Daha içeri girmeden belinden aşırdıgım silahı hızla belimden çıkarttım ve ona dogrulttum.

 

"Hayatında bir kere doğruyu söyle vasıfsız herif. Kocam öldü mü." dediğimde elimdeki silaha baktı. Gözlerinde zerre korku yoktu "Öldü." dedi en duygusuz şekilde.

 

"Sende öleceksin." dedim. Kendimi ben bile tanıyamazken o attığı alayvari bakışlar onun sonu olacaktı.

 

"Karıncayı bile incitemeyen sen mi beni öldüreceksin. Senin burada kafana sıksam sen kendini bile koruyamaz-" derken soğuk depoda bir kurşun sesi duyuldu.

 

Elimdeki silahtan çıkan kurşun onun göğüs kafesini delerek geçti. Gözümden bir damla yaş daha düştü.
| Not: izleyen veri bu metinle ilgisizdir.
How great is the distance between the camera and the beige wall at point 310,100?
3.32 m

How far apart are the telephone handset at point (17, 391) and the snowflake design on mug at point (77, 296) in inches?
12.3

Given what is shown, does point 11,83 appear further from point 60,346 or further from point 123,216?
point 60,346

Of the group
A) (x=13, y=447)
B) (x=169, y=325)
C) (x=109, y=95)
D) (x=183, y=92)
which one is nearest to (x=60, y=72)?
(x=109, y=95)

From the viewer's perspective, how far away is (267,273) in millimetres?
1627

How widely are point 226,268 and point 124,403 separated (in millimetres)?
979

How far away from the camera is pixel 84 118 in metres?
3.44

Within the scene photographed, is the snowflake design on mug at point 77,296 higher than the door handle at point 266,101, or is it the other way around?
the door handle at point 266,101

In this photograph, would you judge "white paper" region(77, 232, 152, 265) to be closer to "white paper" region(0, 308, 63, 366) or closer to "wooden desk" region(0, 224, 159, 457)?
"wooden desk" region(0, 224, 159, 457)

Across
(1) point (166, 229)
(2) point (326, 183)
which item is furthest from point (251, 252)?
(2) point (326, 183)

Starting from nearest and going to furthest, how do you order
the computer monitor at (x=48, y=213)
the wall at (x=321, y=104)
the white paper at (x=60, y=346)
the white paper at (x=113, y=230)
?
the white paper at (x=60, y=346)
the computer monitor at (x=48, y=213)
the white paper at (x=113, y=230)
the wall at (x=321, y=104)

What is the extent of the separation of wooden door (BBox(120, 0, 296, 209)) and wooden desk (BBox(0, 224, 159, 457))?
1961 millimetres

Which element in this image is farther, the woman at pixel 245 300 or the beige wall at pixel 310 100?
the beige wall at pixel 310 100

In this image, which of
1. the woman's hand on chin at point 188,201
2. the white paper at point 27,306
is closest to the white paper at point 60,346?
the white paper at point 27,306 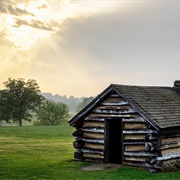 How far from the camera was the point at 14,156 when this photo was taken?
21906mm

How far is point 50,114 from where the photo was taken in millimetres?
81188

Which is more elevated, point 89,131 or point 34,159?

Onu vururken gözümü dahi kırpmadım ama karnımda ufak bir tekme hissettim.

 

"Sen.." diye inleyerek yere düştü. Sakince bir kez daha ateş ettim. "Kaç kurşun kocamın canına bedel olur bilmiyorum ama sen yaşayacaksın. Sana bu dünyada cehennemi yaşatacagım." dediğimde depoya biri girdi. O heybetli vücudu tanımamak aptallık olurdu. Mirza bana baktı. Kara gözleri üzerimde gezindi.

 

"Şimdi şöyle bana şu piçin köpekliğini yapmak için kaç para aldın. Gururunu kaç paraya sattın. Herşeyi boşver çünkü zerre olmayan sikimde değilsiniz sen ve gururun." diyerek elimdeki silahı sallayarak sinirimin verdiği cesaretle ona yaklaştım. "Kocamın sana olan güvenini kaç paraya sattın haysiyetsiz herif. Ben bile sana bir anlık güvenmiştim. Dağ gibi görünüşünün ardında bir harabe yatıyormuş." dediğimde bana yaklaşmaya çalıştı ama bacağına hedefledim silahımı. Tam bacağına bir kurşun sıktım. İnleyerek yere düştü ve belinden bir silah çıkarttı. Çok ani oldu. Belindeki silahı çıkarttı ve kendi kafasına sıktı.

 

Şokla baktım.

 

Kendimi dayanamayarak yere bıraktım. Kocam ölmüştü ve bu satten sonra kimsenin gebermesi umurumda değildi. Dizlerimin üzerine çöktüm. Ağlayarak son nefesimi vermek istiyordum. İçimdeki yangını söndürecek hiçbir şey yoktu.

 

Aklıma gelenlerle göz yaşlarım daha da akmaya başladı Azat vurulmuştu! Ama dizlerimde derman yoktu. Nasıl kurtaracaktım onu?

 

Mirzanın ölü bedenine doğru yaklaştım. Dizlerim acıdı ama umursamadım. Cebindeki telefonu hızla çekip aldım. Ekranı açtım ve hızla 112 yi tuşladım.

 

"İyi günler." diyen kadının sesini uzaktan duyuyor gibiydim.

 

"Bir tane ağır yaralı var. Neredeyim bilmiyorum. Eski bir depo. Ben hamileyim. Kocam.." dediğimde sesimi duyduğuna bile emin değildim. "Kocam nerede bilmiyorum." dememle telefon elimden düştü. Kadının alo diyişlerini duyuyordum ama bedenim yana devrildi. Bilincimi kaybetmek istemiyordum.

 

Araba tekerlerinin taşlı topraklı yolda çıkarttığı sesleriduydum.

 

Nefes alamıyordum. Gözlerim Furkanın kanlı bedenine döndü. Bir ekranda onu böyle görmek bile beni mahvediyordu. "Ölmemiş ol." dedim sadece. İçeri gelen ayak sesleri ve Kaya abinin bağırdığını duydum. Beni bulmuştu.

 

Olaylara hem bi o kadar yakın hemde bi o kadar uzaktım. Hiçbir şeye tahammül edemiyordum. Bedenim soğuk zeminden havalandı.

 

Kafamı kaldırdım ve onu gördüm.

 

Delirmiştim değil mi?

 

Hemde onu görecek kadar.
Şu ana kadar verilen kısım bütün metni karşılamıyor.